But the challenges dwarf the progress.
Over 800 million people remain trapped in extreme poverty. Billions lack access to clean water, sanitation, and hygiene. Women continue to spend 2.5 times more hours than men doing unpaid care and domestic work. Climate change is accelerating, with 2024 confirmed as the hottest year on record—1.55°C above pre-industrial levels. Meanwhile, debt burdens are worsening: in 2023, low- and middle-income countries paid $1.4 trillion in debt servicing—draining resources needed for development.
The Secretary-General pointed to one core issue: financing. The global SDG financing gap for developing nations now stands at $4 trillion annually. Worse still, Haiti is the least-funded of all humanitarian responses globally—an example of how international priorities are dangerously imbalanced.

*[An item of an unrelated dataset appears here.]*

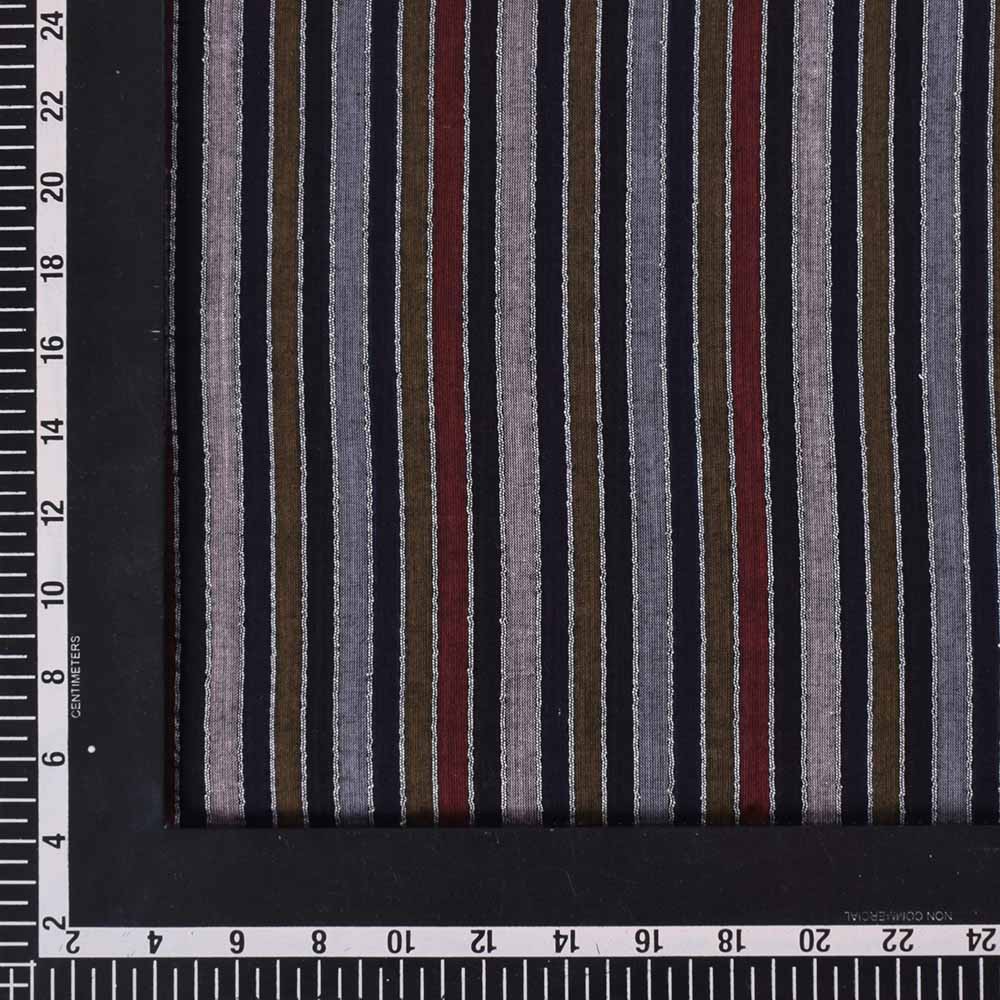 STRIPE MULTICOLOR PURE COTTON 60 GSM HANDWOVEN FABRIC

“There is something fundamentally wrong in the structure of the global economic and financial system,” Guterres said. “We need reforms. Debt relief. Tripling development bank lending. Fairer trade and access to capital.”
The SDG report proposes a shift toward six “transformational pathways” in food systems, energy, digital access, education, jobs, and climate. These, it argues, will accelerate progress across all other goals—if funded properly and backed by political will.
Guterres urged global leaders to use upcoming moments, including the World Social Summit (November 4–6 in Doha, Qatar), the High-Level Political Forum, and the Food Systems Stocktake, to commit to urgent action.
“The Sustainable Development Goals are still within reach,” he concluded. “But only if we act—with urgency, unity, and unwavering resolve.”